Positives
Charlie Winstanley raised an
interesting point in his letter last week: why is the Weekly Worker so
consumed with the “obsessional and weekly lambasting” of organisations such as
the Socialist Workers Party and Respect (Letters, June 1)? In response, there
are several issues to consider.
First, I disagree that the Weekly
Worker obsesses. However, I accept the criticism that many articles have
the tendency to draw pessimistic conclusions. This is largely directed at the
SWP, and stems, I think, from both the nature of the left at the moment and
also from the role that the Weekly Worker has within it.
The SWP is the largest group of
Marxists in Britain and smaller organisations such as the CPGB are far less
visible to the general public. It is precisely this fact that makes the Weekly
Worker’s scrutiny of the SWP so crucial. I perceive the paper as more of a
tool for review rather than a newspaper as such. I find Socialist Worker
useful for finding out about national and international events, and
demonstrations. Yet the analysis of the politics behind such events is what is
necessary. We can then understand why the left is in such a dire state and know
how to prevent this in our own organisations (present and future).
The Weekly Worker does
not constantly criticise the inadequacies of groups such as the SWP out of
bitter impotence because we are smaller. Rather, by appreciating the current
political context, the paper aims to change the left. With this in mind,
trying to give a positive take when reporting conferences such as those of
Respect, where so-called Marxists oppose motions on open borders, is pretty
difficult. It would also be hypocritical and damaging to the class struggle in
the long term (although it might make for a cheerier read).

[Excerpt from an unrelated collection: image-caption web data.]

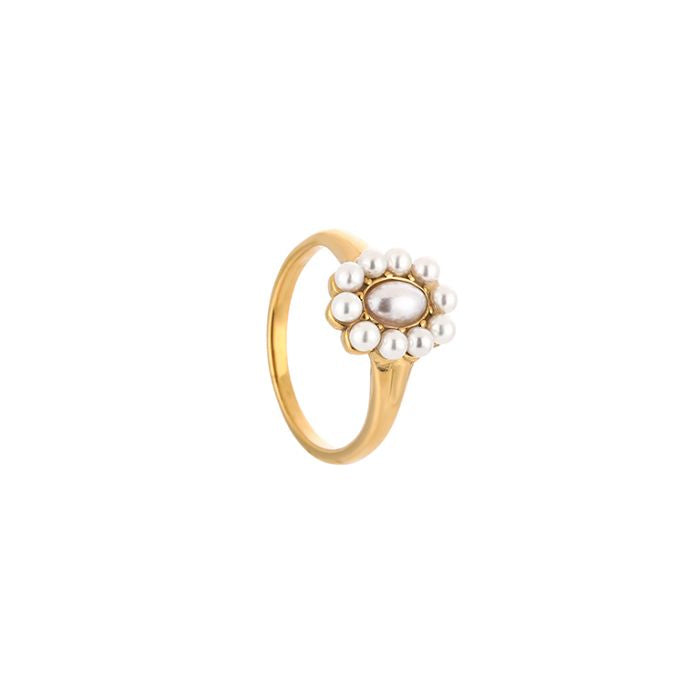 Luxe parel ring goud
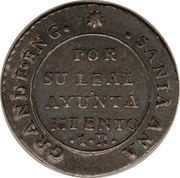 1 Real - Fernando VII Proclamation coinage reverse image
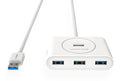 NNEDSZ USB 3.0 4 Ports Hub White 1M (20283)-0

I completely agree, however,
that an overly negative analysis, if there are positive gains to report, is
just as unhelpful. There is a danger of becoming too consumed in the state of
the left. We risk dismissing or neglecting the small victories that should be
celebrated as a further step in the advancement of our class.

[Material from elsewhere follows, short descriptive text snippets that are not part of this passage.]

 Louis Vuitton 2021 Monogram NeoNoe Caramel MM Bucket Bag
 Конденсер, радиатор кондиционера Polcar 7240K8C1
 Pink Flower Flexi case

On that note, I would like to
underline the appalling lack of democracy and debate within the SWP, but also
to congratulate comrade Winstanley for not yet being sucked into such
traditions and for openly admitting to reading the Weekly Worker.
Emily Bransom
Manchester
Freeman’s fudge
I was very interested in Mary
Godwin’s report of the CPGB aggregate (Weekly Worker June 1). She
described the difficulties that Steve Freeman, chief architect of the new
Socialist Alliance, is having convincing his comrades on the need for a
‘republican socialist party’. We are told that this discussion is causing
paralysis in the work of the new SA.
I agree strongly with comments
made by two CPGB members, Mike Macnair and Lee Rock, at the aggregate. Mike
criticised Steve’s method of conciliationism, whereby individuals or groups are
invited to add their hobby horse to a resolution, provided they agree to accept
other people’s hobby horses. The result is an eclectic dog’s breakfast of a
resolution instead of a clear, principled declaration.
In the Socialist Alliance
Democracy Platform we all saw Steve at work at this method, smarming and
bull-shitting people into accepting portmanteau resolutions that were internally
contradictory. At the heart of all of this effort was the inclusion of Steve’s
and the Revolutionary Democratic Group’s own fetish of ‘republicanism’. Most
people voted for this without really understanding what he was talking about.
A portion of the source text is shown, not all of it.